家の近くの下り坂を歩いていたら、ひさしぶりにミナトを見かけた。


ミナトは我が家から歩いて5分くらいのところに住んでいる小学一年生で、登下校の時にウチの前を通る。


息子の同級生の一番下の弟である。


息子のことを不思議なほど気に入っており、年の差7才にして一番好きな友達だと言ってくれている。


そのミナト、なぜか道路脇に座り込んでランドセルの中身を地面に出して、何やら真剣な面持ちだ。


何をしているんだろう。


夢中になっている様子だったので、声をかけずに帰宅し、たまたま目についたガレージの雑草を抜いていたところへミナトが歩いてきた。


「おかえり!あそこで何してたの?」


声をかけると、


「今日、学校でランドセルを開けたら筆箱が入ってなくて、テレビのリモコンが入ってたんだよ。それで、いつリモコンに変わったんだろうと思って、時々ランドセルを開けて、筆箱に戻ってないか確認しながら帰ってきたんだよ。」


と言う。


「なるほど…それでさっきランドセルから出してたんだ。」


と言うと、照れくさそうにニヤニヤ笑うのだった。


目下、私のたくさんいる癒しの存在の1人である。


先日は、宿題の国語ドリルの最後のところにあった「あなたの一番仲の良い友達の名前を書きましょう。」という設問に、ウチの息子の名前を書いていたとミナトのママが教えてくれた。


ほっこりした気持ちを思い出していると、


「ねえ。オレたち初めて会ったよね?」


と言ってきた。


あー。またか。


ミナトとは小さな頃から何度も会ってはいるが、頻繁ではないので、少し間が空くと忘れてしまう。

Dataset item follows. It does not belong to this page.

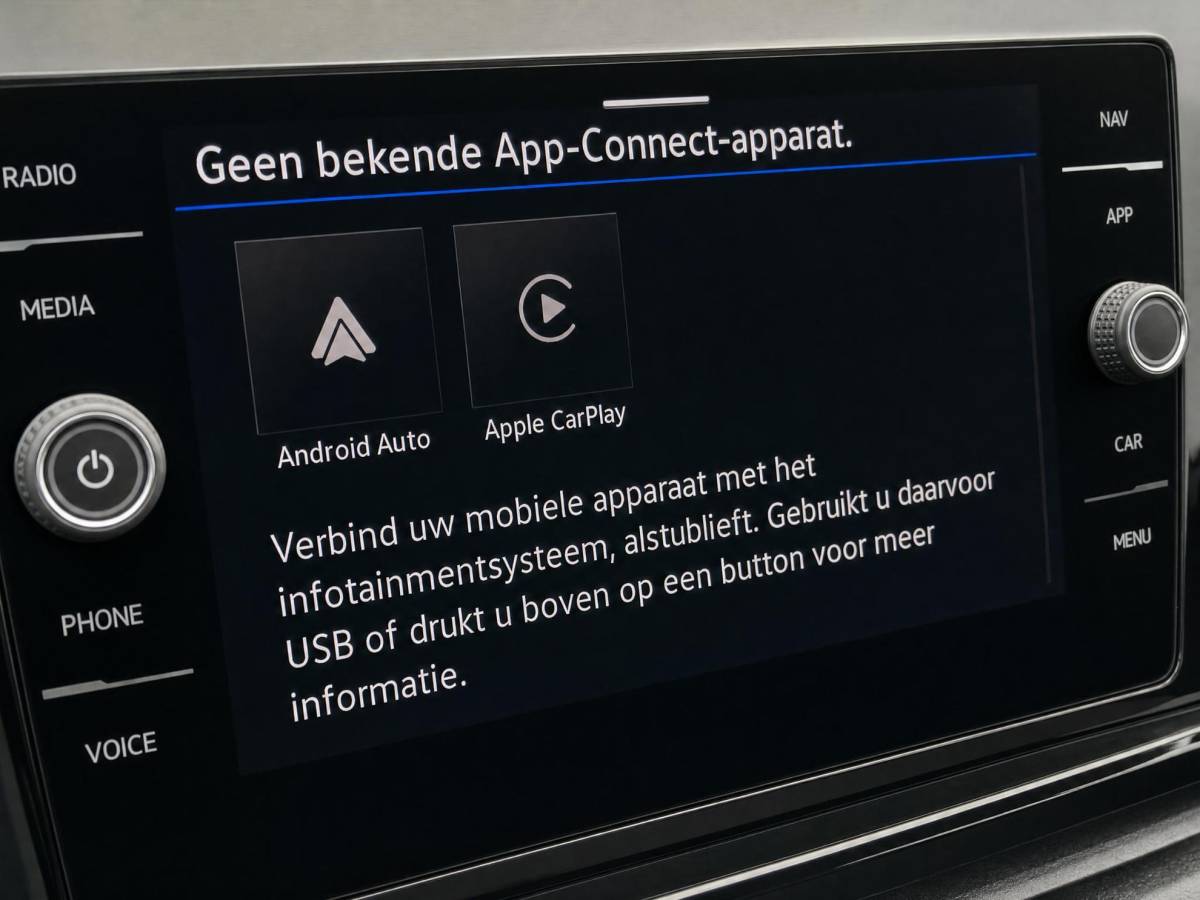 Volkswagen T-Roc Volkswagen T-Roc 1.5eTsi/150PK DSG R-Line Black Style · Panoramadak · Camera + Parkeersensoren · Apple/Android Car Play · Garantie t/m 18-06-2027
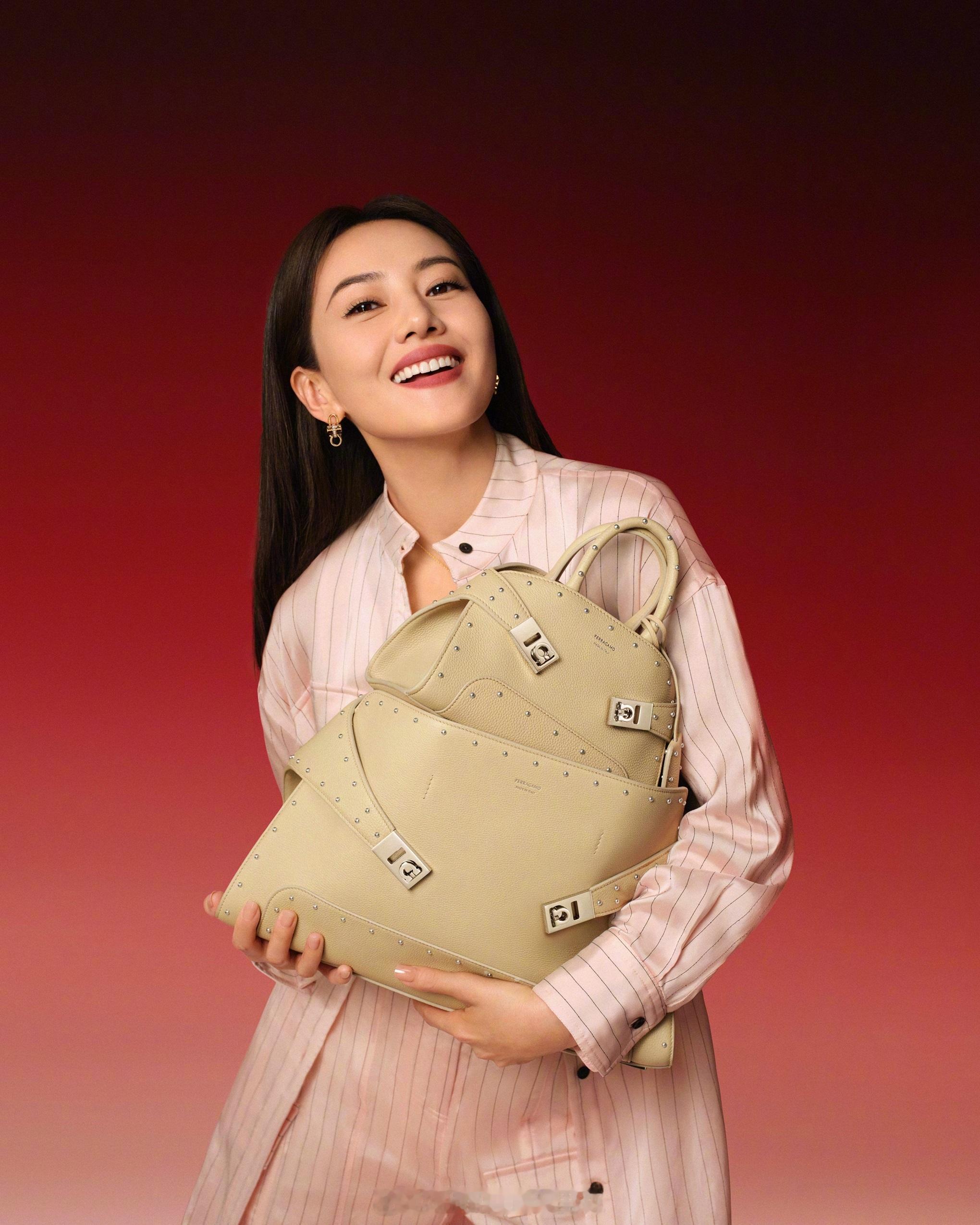 高圆圆&林更新xFERRAGAMO┊520大片释出，身穿浅色搭配Hug手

そもそも私の顔をはっきり認識しているのではなく、この家の前にいる人だから多分友達のお母さん…という程度なのだろう。


私も、我が家の前を犬の散歩ルートにしている顔見知りはたくさんいるけれど、果たして犬がいなかったらわかるだろうか。


甚だ怪しいのだからミナトを責めることはできない。


からしばらく会わないと、


「オレら初めて会うよね?」


と、ナンパのような口ぶりで言ってくる時は、面白いので、


「初めてだね。名前はなんて言うの?」


など、さんざん色々喋ってもらう。


おしゃべりが大好きなミナトはどこまでも話し続ける。


でも、そこに友達が来たらスイッチがキレイに切り替わる。


こんなオバサンは最初からいないも同然、綺麗さっぱり頭の中から消え、今度は100パーセント、友達のことで頭がいっぱいになる。


そんなだから、遠くに息子の姿を認めると、もう心も身体も完全にそちらに飛んでいった。


息子に向かって全速力で走っていく。


ミナトの頭の中には余計なものが何もない。


走り去っていくミナトは元気のかたまりだ。


息子と嬉しそうに並んで戻ってくるミナトに手を振りながら、


「一回おウチに帰って、ママにリモコンを見せてあげなよ〜」


と叫ぶと、ニコニコ笑いながら大きく手を振りかえしてきた。


すると、絶賛反抗期中の息子もミナトにつられて笑って手を振ってきた。びっくり。


びっくりだけど嬉しい。
ミナト感謝!!


もうしばらく、大好きな友達だと思っていてくれますように。